- EXERCISE DATA
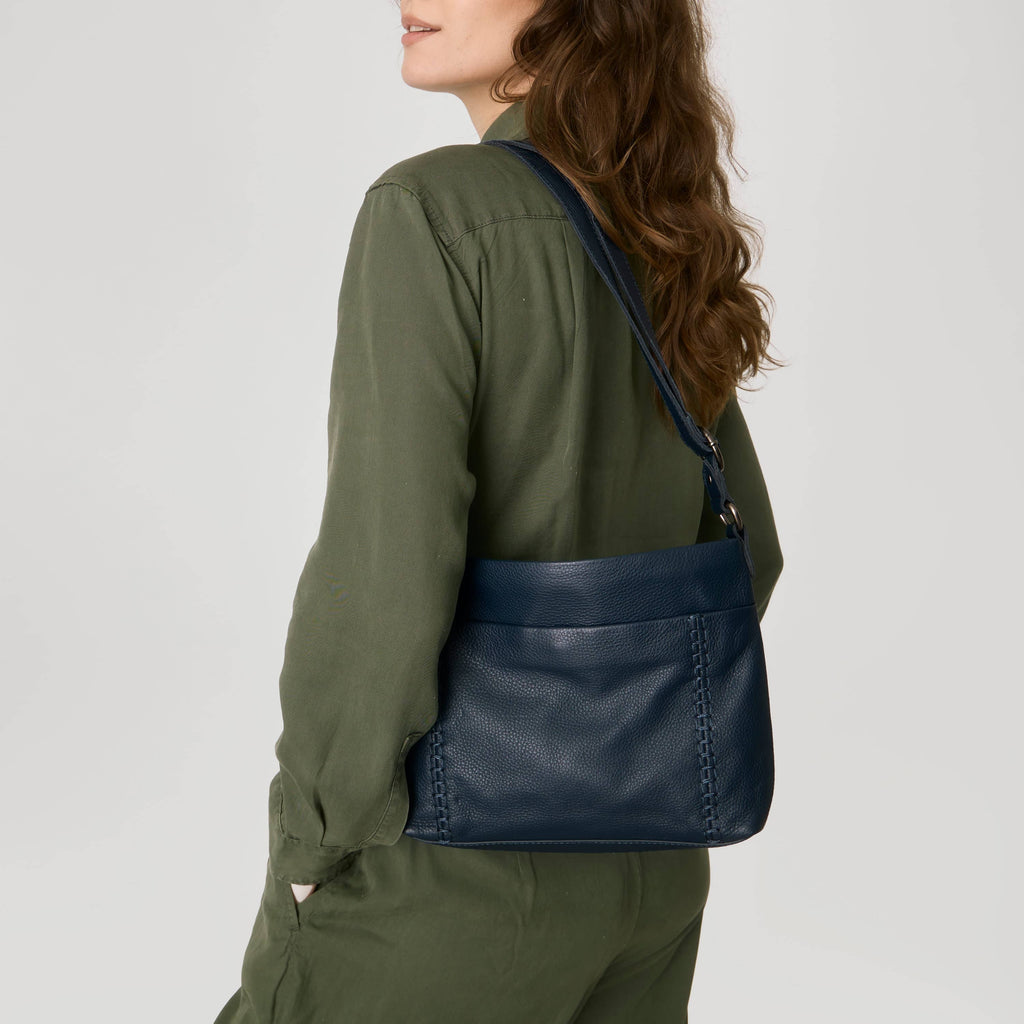 The Sak Melrose Crossbody - Leather - Indigo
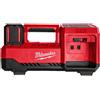 Milwaukee M18 BI-0 - COMPRESSORE PER PNEUMATICI CON POTENTE MOTORE 5,5 BAR E DISPLAY LCD M18 - SENZA BATTERIA - MILWAUKEE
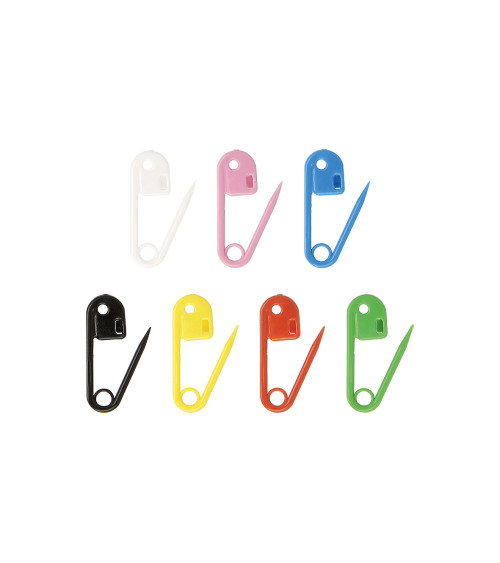 28 plastic marking pins 24mm multi-colored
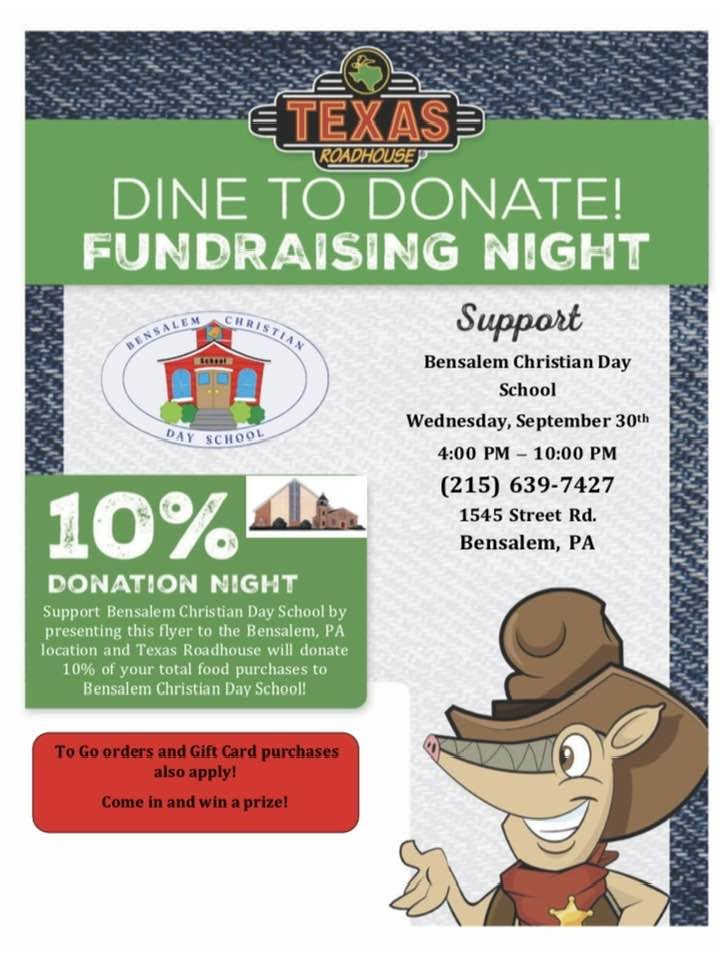 BUMC/BCDS Fundraiser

- WHAT THE TASK REQUIRES
The expected output is the lines from the line that contains "Milwaukee M18 BI-0" through the last line of the material, reproduced exactly, with both ends present and pictures absent.

- EXERCISE ANSWER
 Milwaukee M18 BI-0 - COMPRESSORE PER PNEUMATICI CON POTENTE MOTORE 5,5 BAR E DISPLAY LCD M18 - SENZA BATTERIA - MILWAUKEE
 28 plastic marking pins 24mm multi-colored
 BUMC/BCDS Fundraiser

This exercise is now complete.